#### TASK STATEMENT
In your reply, print every line of the listing exactly and omit all images.

#### INPUT DATA
^^^^^^^^

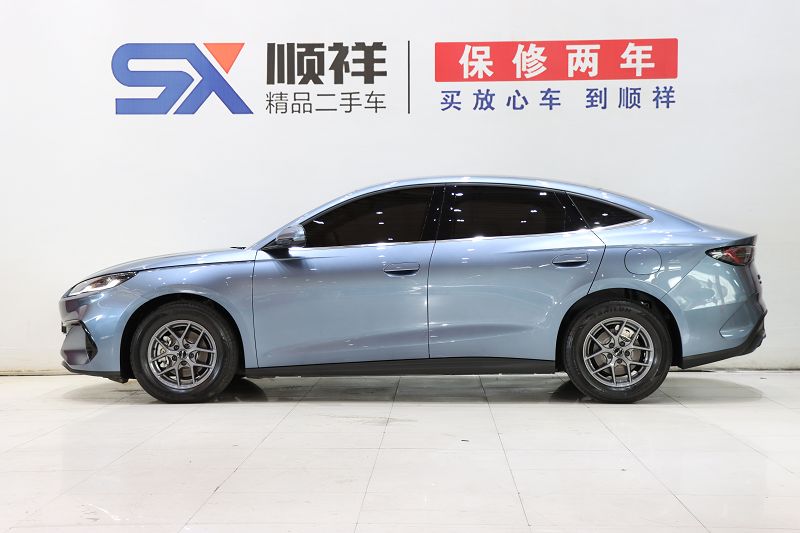 比亚迪 海豹06 2024款 DM-i 80KM豪华型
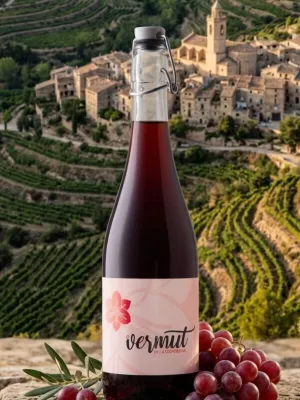 Lot vermut La Granadella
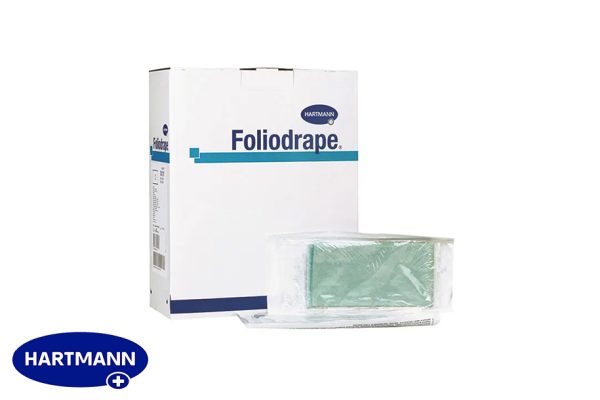 Foliodrape® Protect Abdecktücher ohne Loch von Hartmann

^^^^^^^^

#### RESPONSE AREA
 比亚迪 海豹06 2024款 DM-i 80KM豪华型
 Lot vermut La Granadella
 Foliodrape® Protect Abdecktücher ohne Loch von Hartmann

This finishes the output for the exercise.